For its part, the administration is citing a scheduling conflict. The White House says the president simply does not have the time to go, with the trip to Asia starting Wednesday.

"Obviously we have a lot to work on here and we have commitments for an upcoming Asia trip," White House Press Secretary Robert Gibbs said Tuesday, noting that a "very senior delegation" of U.S. officials would attend.

David Hasselhoff may seem at first an unusual person to be commenting on the fall of the Berlin Wall.

But the American actor and singer has a long association with the wall and the German public. In the summer before the wall fell, Hasselhoff's hit song Looking for Freedom was racing up the charts in West Germany.

'I have about 100 pieces of the wall and I also have one that's really special because it's got all the colours of the German flag, that I just chopped out look at this piece,' he told Reuters.

Hasselhoff was even part of a concert on New Year's Eve 1989 where he sang on top of the partly demolished wall at the Brandenburg Gate.

'I had an opportunity to actually sing behind the Wall before New Years Eve at a kind of a pre-concert.
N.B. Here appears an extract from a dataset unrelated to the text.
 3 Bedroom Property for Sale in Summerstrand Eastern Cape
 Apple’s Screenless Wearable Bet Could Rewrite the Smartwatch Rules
And I drove in 35 minutes into East Berlin and I went to the studio and the studio was magnificent it had the most beautiful lighting and the stage and the cameras, but outside it looked like World War II,' he said.

Now Hasselhoff is back in Berlin for the celebrations marking the 20th anniversary of the fall of the wall.
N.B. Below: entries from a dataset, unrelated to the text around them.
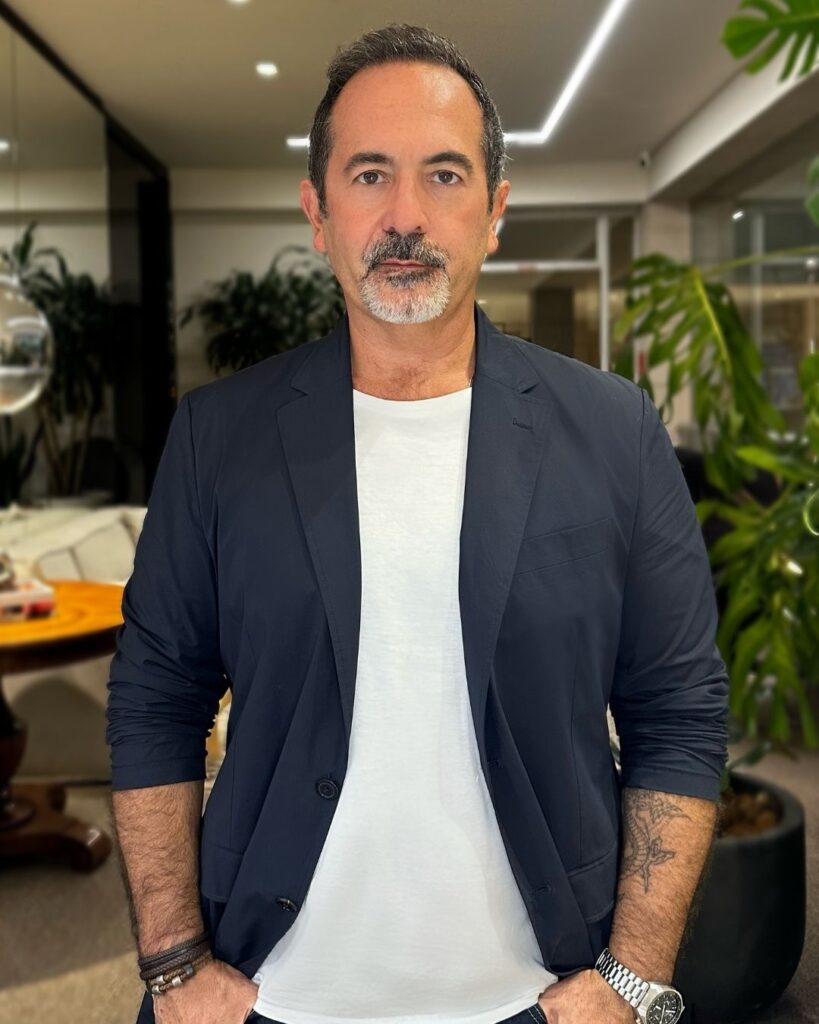 Mauricio Queiroz fundador e CEO da MQ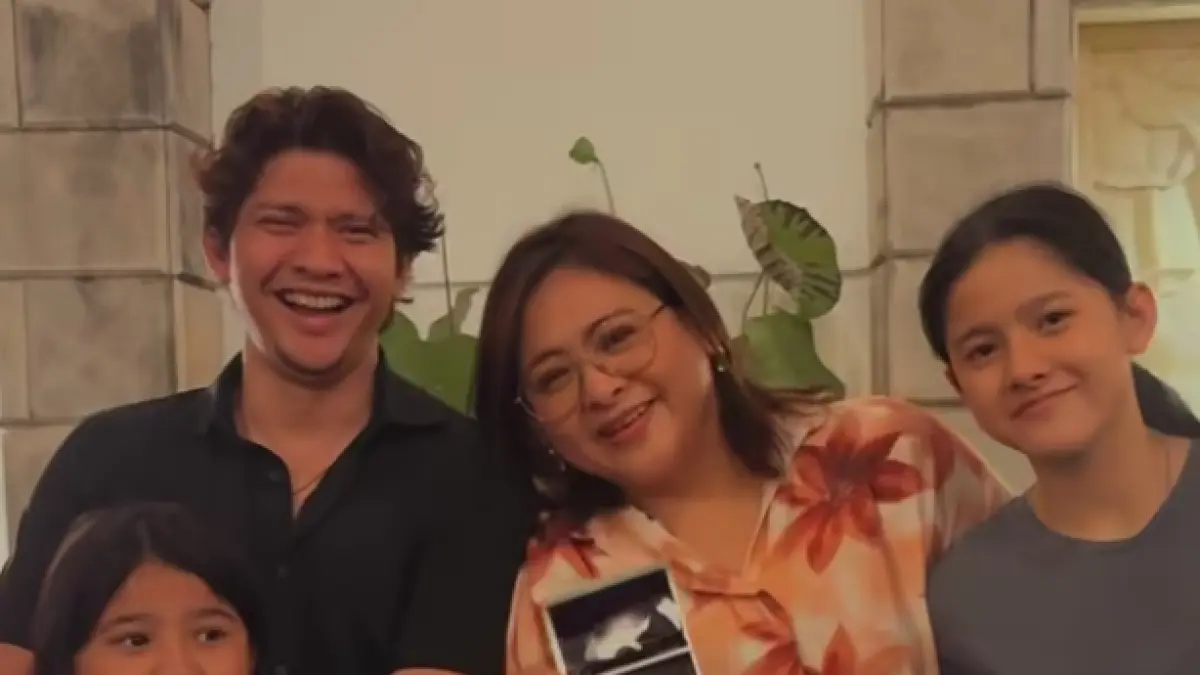Audy Item umumkan kehamilan anak ketiga bersama Iko Uwais, bertepatan dengan ulang tahun pernikahan mereka yang ke-14 di Jakarta.(jawa Pos)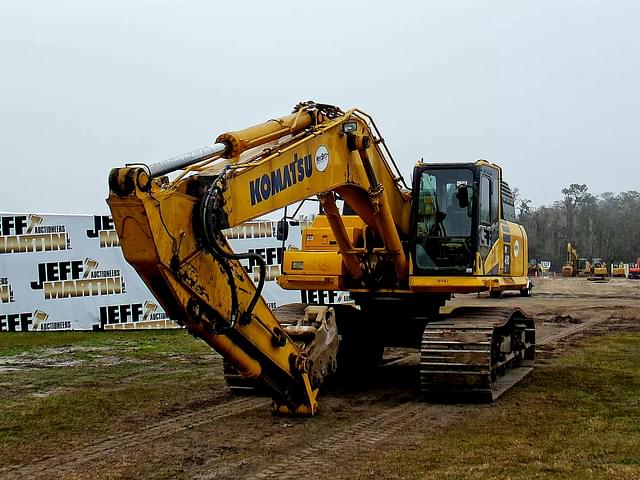 Image of Komatsu PC490LC-11 equipment image 2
Obama acknowledged the anniversary of the fall of the wall last week during his meeting with German Chancellor Angela Merkel.

"We are now moving towards the 20th anniversary of the Berlin Wall coming down and Germany being reunified after so many painful years," Obama said. "And this is a special moment for Chancellor Merkel, as somebody who grew up in East Germany, who understands what it's like to be under the shadow of a dictatorial regime, and to see how freedom has bloomed in Germany, how it has become the centerpiece for a extraordinarily strong European Union."

But some saw Obama's decision not to travel personally to Berlin as a snub to Merkel, Germany and the history behind the anniversary.

"Barack Is Too Busy," Germany's Der Spiegel magazine declared in a headline last month, writing that Obama had declined Merkel's invitation.

While Obama has traveled to Germany since taking office, he has not as president traveled to Berlin -- the site of his major speech in July 2008 during his overseas campaign tour. During that speech, he acknowledged Berlin's struggle, saying, "This city, of all cities, knows the dream of freedom."

Why then, critics asked, would the U.S. president not revisit that site to mark the culmination of that dream? After all, he has established himself as an intrepid traveler in office, setting off on a slew of overseas trips during his first 10 months on the job.

On several of the stops he has expressed regret for past American behavior, but the Berlin Wall anniversary was seen as an opportunity for the president to honor an American and Western victory for which the U.S. need feel no regret.

"It is a true shame that the president of the United States -- this man who cloaks himself in the rhetoric of hope -- won't be pausing to remember," Gingrich wrote in a column last week in The Washington Examiner.

The National Review's Rich Lowry wrote that the decision speaks to Obama's "dismissive view of the Cold War as a relic distorting our thinking."

"John F. Kennedy famously told Berliners, 'Ich bin ein Berliner.' On the 20th anniversary of the last century's most stirring triumph of freedom, Obama is telling them, 'Ich bin beschaftigt' -- i.e., I'm busy," he wrote. "Obama's failure to go to Berlin is the most telling nonevent of his presidency. It's hard to imagine any other American president eschewing the occasion."

Time line of the fall:

1987

June 12 Speaking in West Berlin at the wall, US President Ronald Reagan says : "General Secretary Gorbachev, if you seek peace, if you seek prosperity for the Soviet Union and Eastern Europe, if you seek liberalization: Come here to this gate. Mr. Gorbachev, open this gate. Mr. Gorbachev, tear down this wall."

1989

February 6 Chris Gueffroy is the last person shot and killed trying to escape. Meanwhile, the Polish government initiates talks with the opposition to defuse social unrest.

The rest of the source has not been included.